Der Protagonist zieht mit Originaluniform und in Begleitung eines Fernsehteams durch Berlin und befragt Leute auf der Straße. Viele halten sich wegen seiner Uniform zurück, aber manche sind auch dadurch nicht zu bremsen. Der Frust scheint groß zu sein, der über bestimmte Verhältnisse, wie auch der darüber, dass sich nichts ändert. Seine Fernsehshow und seine Internetseite „Führerhauptquartier“ erfahren jedenfalls erschreckend großen Zuspruch.
Beim Lesen ertappe ich mich dabei, wie ich lache oder denke: „Genau!“ Dann halte ich inne und denke: Moment mal? Sehne ich mich etwa nach einem Führer, nach diktatorischer Ordnung?

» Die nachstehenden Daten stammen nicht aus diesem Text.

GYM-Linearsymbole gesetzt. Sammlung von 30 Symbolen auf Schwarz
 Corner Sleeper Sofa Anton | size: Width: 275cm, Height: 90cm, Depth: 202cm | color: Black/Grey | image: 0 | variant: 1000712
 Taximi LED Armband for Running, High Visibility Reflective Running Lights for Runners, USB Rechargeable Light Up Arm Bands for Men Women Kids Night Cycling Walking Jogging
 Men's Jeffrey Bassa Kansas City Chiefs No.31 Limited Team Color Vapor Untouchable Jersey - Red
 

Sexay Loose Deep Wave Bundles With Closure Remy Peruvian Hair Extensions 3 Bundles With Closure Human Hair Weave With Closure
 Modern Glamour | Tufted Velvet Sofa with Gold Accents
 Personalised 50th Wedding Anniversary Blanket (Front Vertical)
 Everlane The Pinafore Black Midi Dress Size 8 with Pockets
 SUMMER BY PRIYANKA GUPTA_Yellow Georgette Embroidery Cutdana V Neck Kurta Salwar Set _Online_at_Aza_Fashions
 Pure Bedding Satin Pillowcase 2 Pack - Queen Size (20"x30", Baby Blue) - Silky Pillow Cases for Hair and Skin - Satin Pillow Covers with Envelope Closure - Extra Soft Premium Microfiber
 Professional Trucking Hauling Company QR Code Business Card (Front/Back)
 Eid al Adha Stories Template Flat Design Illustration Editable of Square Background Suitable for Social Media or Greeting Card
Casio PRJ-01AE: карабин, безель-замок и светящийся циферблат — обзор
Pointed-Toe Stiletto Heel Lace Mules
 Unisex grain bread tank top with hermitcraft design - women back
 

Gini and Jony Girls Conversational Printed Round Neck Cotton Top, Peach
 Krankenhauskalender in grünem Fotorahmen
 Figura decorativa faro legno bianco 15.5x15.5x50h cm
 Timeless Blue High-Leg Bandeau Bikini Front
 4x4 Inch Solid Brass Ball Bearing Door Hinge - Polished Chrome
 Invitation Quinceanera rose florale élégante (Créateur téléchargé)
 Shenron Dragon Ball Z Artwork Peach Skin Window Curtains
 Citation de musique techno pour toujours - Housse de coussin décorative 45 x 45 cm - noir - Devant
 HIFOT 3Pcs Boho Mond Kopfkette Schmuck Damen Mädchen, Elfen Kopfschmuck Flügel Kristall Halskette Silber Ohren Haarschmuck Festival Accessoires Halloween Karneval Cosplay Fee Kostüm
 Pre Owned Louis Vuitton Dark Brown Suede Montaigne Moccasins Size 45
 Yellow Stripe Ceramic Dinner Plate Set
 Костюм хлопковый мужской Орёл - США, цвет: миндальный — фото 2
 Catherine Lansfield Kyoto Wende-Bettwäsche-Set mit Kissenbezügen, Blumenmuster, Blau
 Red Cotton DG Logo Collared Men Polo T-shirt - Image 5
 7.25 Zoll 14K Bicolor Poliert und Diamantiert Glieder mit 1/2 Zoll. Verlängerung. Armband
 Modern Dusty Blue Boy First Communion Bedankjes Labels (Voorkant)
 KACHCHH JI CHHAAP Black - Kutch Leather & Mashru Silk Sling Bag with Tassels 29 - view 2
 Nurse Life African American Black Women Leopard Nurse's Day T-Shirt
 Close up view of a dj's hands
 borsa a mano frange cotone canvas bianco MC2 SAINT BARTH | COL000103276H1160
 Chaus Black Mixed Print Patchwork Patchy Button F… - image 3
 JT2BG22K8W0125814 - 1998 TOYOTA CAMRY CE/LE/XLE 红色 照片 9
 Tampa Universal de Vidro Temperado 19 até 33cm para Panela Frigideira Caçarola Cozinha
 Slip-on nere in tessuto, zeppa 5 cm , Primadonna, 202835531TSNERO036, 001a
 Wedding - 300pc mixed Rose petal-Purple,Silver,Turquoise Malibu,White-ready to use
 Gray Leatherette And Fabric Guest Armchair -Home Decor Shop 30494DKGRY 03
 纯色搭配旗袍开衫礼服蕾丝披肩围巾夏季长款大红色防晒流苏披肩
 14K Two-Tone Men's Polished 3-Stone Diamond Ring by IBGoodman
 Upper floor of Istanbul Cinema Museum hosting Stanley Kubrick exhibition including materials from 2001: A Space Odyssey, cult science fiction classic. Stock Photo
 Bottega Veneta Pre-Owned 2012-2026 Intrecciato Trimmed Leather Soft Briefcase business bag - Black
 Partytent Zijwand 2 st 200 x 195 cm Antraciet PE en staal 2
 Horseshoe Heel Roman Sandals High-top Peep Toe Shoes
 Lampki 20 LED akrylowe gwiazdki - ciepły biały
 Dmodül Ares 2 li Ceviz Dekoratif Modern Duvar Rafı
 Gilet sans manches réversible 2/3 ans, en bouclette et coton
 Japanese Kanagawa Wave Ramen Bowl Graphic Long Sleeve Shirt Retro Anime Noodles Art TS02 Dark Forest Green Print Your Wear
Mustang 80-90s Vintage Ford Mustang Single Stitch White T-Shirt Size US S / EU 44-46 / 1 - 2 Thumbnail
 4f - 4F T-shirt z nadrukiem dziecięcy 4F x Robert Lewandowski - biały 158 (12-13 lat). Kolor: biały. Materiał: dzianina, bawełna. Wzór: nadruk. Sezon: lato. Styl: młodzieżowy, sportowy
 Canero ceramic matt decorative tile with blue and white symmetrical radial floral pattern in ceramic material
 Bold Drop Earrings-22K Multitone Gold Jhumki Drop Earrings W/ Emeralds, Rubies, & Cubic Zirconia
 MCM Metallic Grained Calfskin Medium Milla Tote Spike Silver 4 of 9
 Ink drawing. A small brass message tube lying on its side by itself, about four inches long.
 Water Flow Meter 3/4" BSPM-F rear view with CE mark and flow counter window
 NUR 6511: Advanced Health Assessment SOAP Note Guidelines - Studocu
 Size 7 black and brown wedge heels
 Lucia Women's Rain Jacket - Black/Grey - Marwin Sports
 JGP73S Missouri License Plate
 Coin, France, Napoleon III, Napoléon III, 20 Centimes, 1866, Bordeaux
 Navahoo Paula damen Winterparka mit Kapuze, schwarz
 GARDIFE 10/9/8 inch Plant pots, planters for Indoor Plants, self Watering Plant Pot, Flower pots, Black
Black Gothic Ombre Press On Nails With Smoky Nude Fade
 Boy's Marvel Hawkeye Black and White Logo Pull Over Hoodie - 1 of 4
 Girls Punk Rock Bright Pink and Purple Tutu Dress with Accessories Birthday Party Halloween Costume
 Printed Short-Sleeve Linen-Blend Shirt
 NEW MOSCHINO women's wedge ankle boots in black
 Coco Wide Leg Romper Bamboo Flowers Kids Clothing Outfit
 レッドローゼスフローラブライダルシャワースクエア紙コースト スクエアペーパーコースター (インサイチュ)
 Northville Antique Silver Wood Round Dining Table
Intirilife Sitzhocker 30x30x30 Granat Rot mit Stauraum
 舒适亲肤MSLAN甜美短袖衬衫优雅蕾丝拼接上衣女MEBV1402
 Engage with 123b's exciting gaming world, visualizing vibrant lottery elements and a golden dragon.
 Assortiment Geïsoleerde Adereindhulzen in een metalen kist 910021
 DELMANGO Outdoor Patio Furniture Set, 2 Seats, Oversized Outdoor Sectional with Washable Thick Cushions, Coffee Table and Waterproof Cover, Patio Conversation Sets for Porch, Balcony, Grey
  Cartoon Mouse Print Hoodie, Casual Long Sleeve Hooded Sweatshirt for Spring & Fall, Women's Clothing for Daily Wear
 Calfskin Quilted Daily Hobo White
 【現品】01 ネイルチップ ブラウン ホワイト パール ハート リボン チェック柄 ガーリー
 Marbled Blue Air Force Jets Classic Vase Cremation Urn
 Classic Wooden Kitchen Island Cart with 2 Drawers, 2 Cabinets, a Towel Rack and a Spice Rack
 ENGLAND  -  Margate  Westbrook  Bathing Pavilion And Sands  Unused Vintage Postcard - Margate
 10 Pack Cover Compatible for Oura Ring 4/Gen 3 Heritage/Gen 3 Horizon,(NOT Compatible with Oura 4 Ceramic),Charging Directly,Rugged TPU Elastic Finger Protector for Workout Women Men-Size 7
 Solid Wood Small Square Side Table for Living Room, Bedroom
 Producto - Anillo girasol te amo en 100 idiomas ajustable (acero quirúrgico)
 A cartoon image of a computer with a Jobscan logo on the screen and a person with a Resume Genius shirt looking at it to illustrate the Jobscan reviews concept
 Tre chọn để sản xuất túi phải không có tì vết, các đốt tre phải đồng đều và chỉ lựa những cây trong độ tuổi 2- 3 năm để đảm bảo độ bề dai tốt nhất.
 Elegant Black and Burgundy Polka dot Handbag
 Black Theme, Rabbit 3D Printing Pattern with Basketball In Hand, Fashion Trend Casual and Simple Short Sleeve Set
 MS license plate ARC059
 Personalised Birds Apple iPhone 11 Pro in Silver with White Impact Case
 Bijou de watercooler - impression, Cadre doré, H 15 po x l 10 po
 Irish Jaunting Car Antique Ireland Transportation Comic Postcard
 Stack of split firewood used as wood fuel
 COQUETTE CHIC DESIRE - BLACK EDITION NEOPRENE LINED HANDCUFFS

Nein, natürlich nicht! Aber die Frage, welche Werte gelten hier eigentlich noch und warum werden es scheinbar immer weniger, stellt sich schon, einerseits ausgelöst durch die Probleme, die der Autor „seinen Hitler“ benennen lässt und andererseits durch die Art wie mit jenem umgegangen wird von Seiten der Fernsehleute, die in ihm „nur“ einen Komödianten sehen, seine Worte nie ernst nehmen, sondern nur die Quoten sehen, die sie mit ihm erzielen können: Hauptsache  es lohnt sich, dann sind die Inhalte egal, dann werden Werte unwichtig…
Timur Vermes lässt offen, was aus jenem Wiedererwachten wird- da hat der Leser viel Raum zum Spekulieren.
Der Begriff „römische Dekadenz“ fällt mir ein und die Sorge, dass, wenn einer wie jener 1933 aufträte, er womöglich schnell Zulauf hätte.